あえてスクリーンを越えないことでx4をスクリーンの向こうに追いやり、ワイドオープンを作った。
2Qに入り、フィンランドは日本の一歩先の思考でプレーしてくるようになっている。
2Q 4:38 フィンランド
Post Iso - Kick
今度はPost Up。
5はTopにポジショニング。
1Q 6:29同様、x5はTopのマークマンより、ペイントエリアでの4へのヘルプを優先。
1Q 6:29ではこのオープンになる5を、x4の位置のディフェンスがRotationして対応していた。
しかしこの場面では、x4がそのRotationに気づけず。
よってキックアウト1つであっさりと5にワイドオープンを与えてしまった。
1Qではできていたことが、2Qになってできなくなってしまった日本のミスだった。
2Q 1:15 フィンランド
Post Iso
再びPost Up。
今度はTopの4がStretchではなくSplit Action的な動きを見せる。
x5以外の全ディフェンスがSplit Actionに気を取られ、5は広大な1on1スペースを手にする。
1Qではレイアップを許したホーキンソン。
少し引き気味でドライブに備えたところ、今度はジャンパーを決められる。
2Q終了
日本 36 - 46 フィンランド
逆転を許した日本。
3Qも日本にとって試練の時間は続く。
3Q 3:50 フィンランド
Post Iso
フィンランドは後半もTopに5を配置してPost Up。
1と5でSplit Actionを行うことで、他のディフェンスを1on1のヘルプに行かせない。
4のドライブを止められず、結果的にファールになった。
3Q 3:20 フィンランド
Pindown - Reject
今度はPindown。
5がSlotの位置でパサーになる、お馴染みの形。
スクリーンユーザーの2はスクリーンを使うと見せかけて、Reject。
x2は逆をつかれ、2にレイアップを許した。
これはx4にとっても背後のスペースであるため、x5はもちろん、x4もRim Protectionできなかった。
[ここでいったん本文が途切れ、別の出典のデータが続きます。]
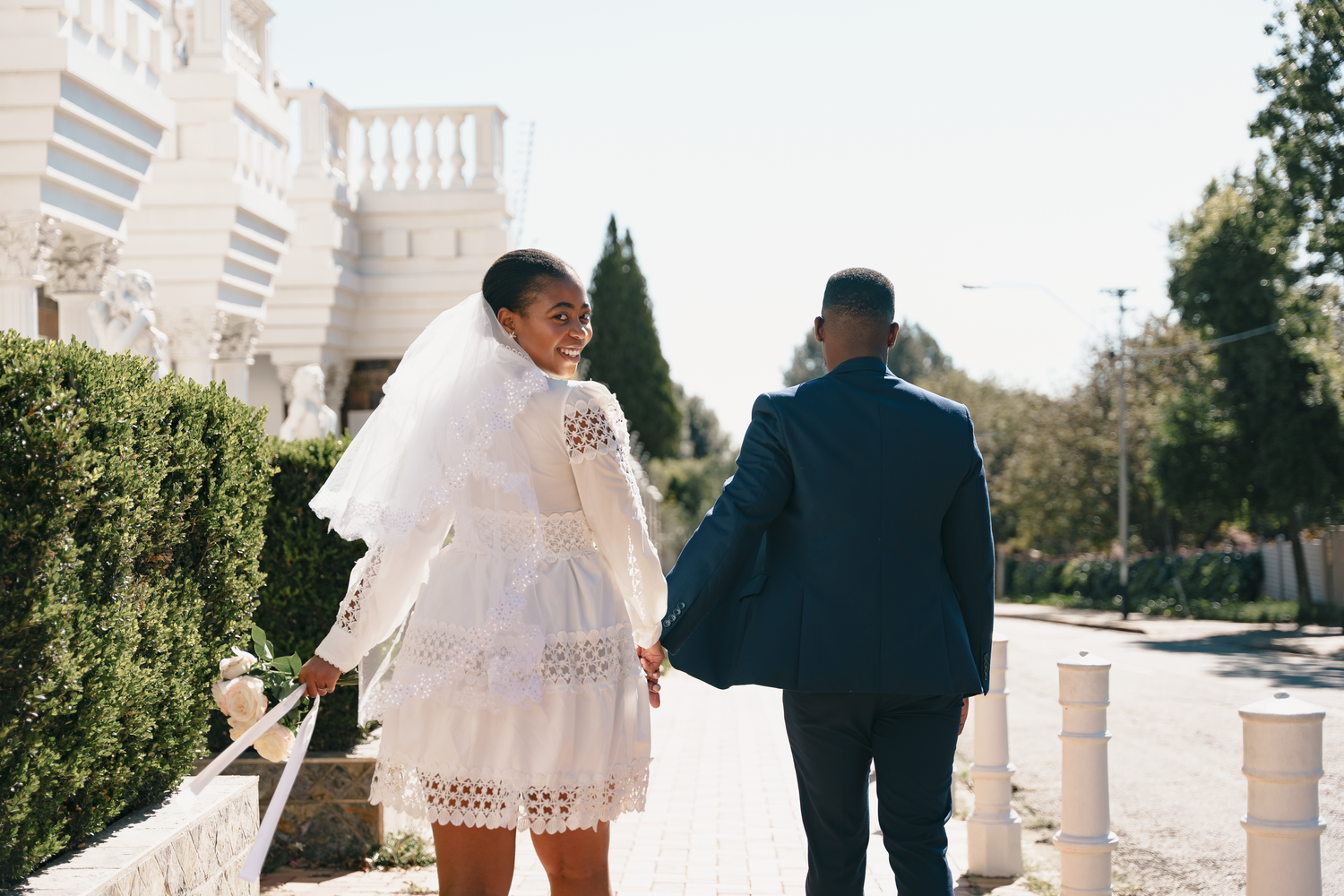 Couple walking outdoors, bride wearing short white lace dress and groom in dark suit against architectural backdrop.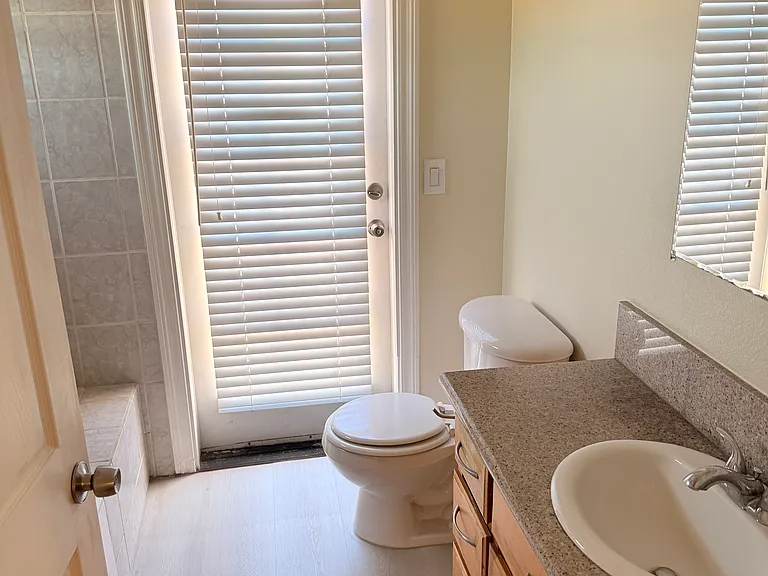 Ensuite bathroom with a door leading to a balcony
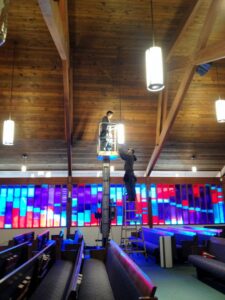 Two electricians from Obot Electric installing overhead lights in a large hall in Bellevue, WA.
2Qから3Qにかけてフィンランドペースで試合は進行。
ここまで見てきたように、
①フィンランドのプレーに落ち着きが生まれ、駆け引きで優位に立ったこと
②日本ディフェンスにミスが発生したこと
が主な要因となった。
しかし、ここから日本が最大18点差をひっくり返す大逆転劇を見せる。
大逆転(3Q終盤〜4Q)
3Q 2:30 フィンランド
Chin Rip (Inverted) - Reject - DHO
1Qから苦しめられてきたChin Rip。
相変わらず5がパサー、4がスクリーンユーザーで実行してくる。
これまではスクリーンを使われることで、マルッカネンにわずかなズレを与えてしまっていた。
しかしこの場面では、スクリーン方向に "そもそも行かせない" 体の向きを作り、5とのDHOに誘導した。
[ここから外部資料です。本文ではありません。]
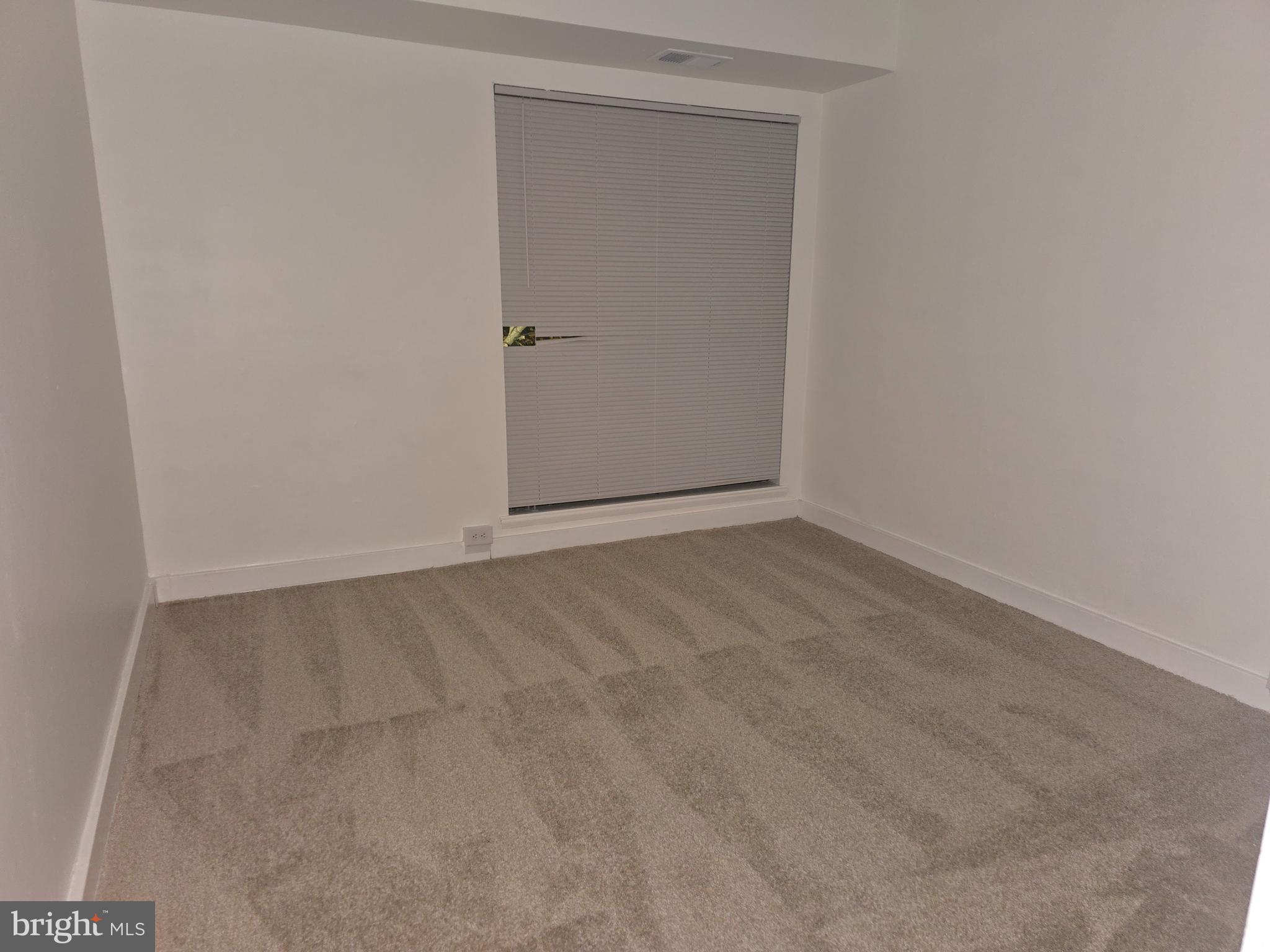 5901 Tamar Drive, Unit 10 S10 Columbia, MD 21045 - Photo 17 of 27 a view of an empty room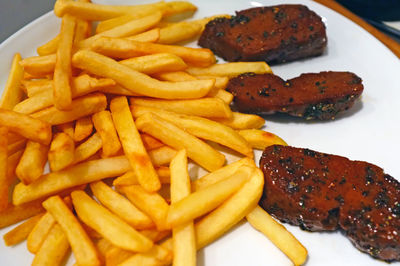 Close-up of burger and fries on plate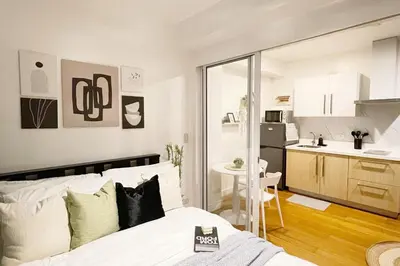 a bedroom with a bed and a small kitchen at The Serene Escape Ph Rockwell Balcony View 1BR in Manila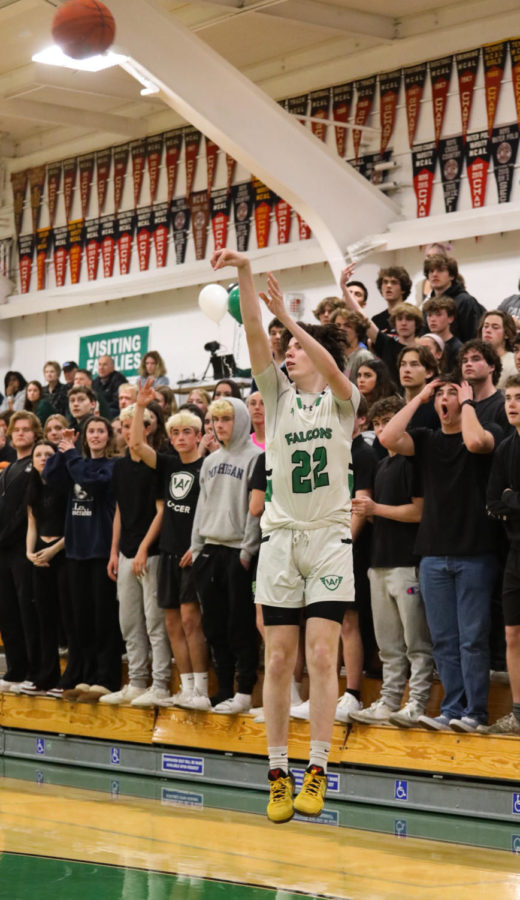 Junior guard Alex Martikan shoots a three-pointer in front of the Archie Williams student section.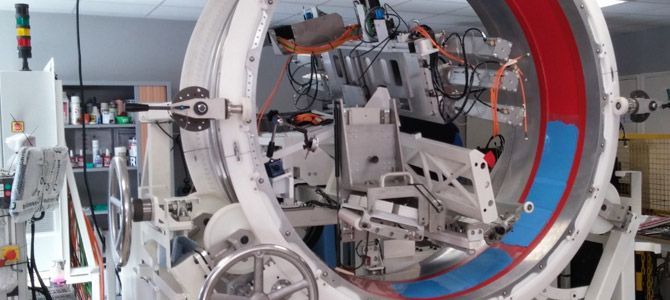 Une grande machine blanche avec une ouverture circulaire. Des bandes rouges et bleues sont visibles à l'intérieur.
そしてそのDHOは、渡邊とホーキンソンの完璧なSwitchで一切の隙も与えずに守りきった。
フィンランドのやりたいことを阻止することで、日本のGood Dに繋がった。
素晴らしいディフェンスポゼッションだった。
3Q 1:40 フィンランド
Floppy - Iso
次はFloppy。
2QにはSlipでイージーショットを許したプレー。
しかし、ここでも日本はOff Screenでチャンスを与えない。
そのためパサーの4(マルッカネン)はパスの出しどころを見つけられず。
残された選択肢は自分のアイソレーション。
さあマルッカネンvs吉井。
吉井がペイントエリアに侵入させない素晴らしいフットワーク。
マルッカネンにタフなプルアップを打たせた。
そもそもペイントエリアがこれだけ密集している中、吉井のディフェンスを突破できたとしてもレイアップは難しい状況。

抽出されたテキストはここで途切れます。